• [Exercise] Please restate every entry exactly. Leave out the pictures.

Given data: Begin

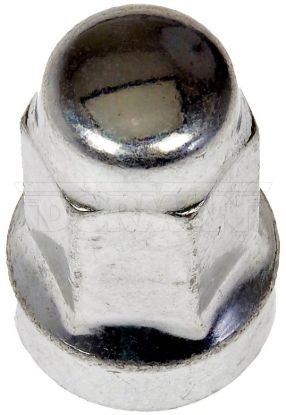 DORMAN WHEEL NUT M14-2.0 - 6112881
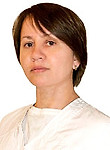 Врач Малкина Наталья Владимировна 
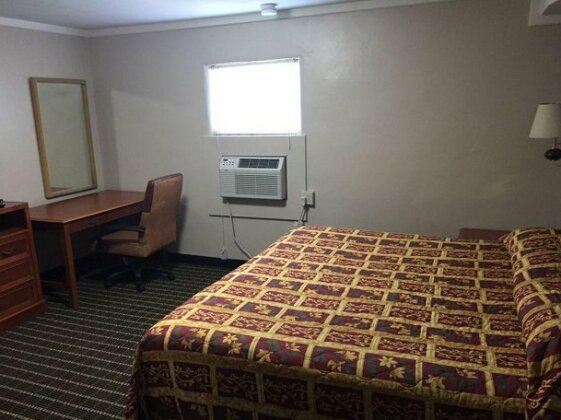Economy Motel Fort Walton Beach - Photo3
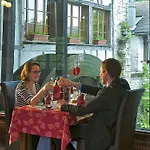 Le Moulin Du Landion Et מלון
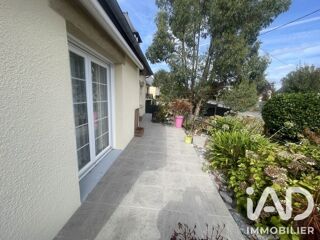  Maison à vendre 5 pièces 122 m²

Given data: End

• [Task result]
 DORMAN WHEEL NUT M14-2.0 - 6112881
 Врач Малкина Наталья Владимировна 
Economy Motel Fort Walton Beach - Photo3
 Le Moulin Du Landion Et מלון
  Maison à vendre 5 pièces 122 m²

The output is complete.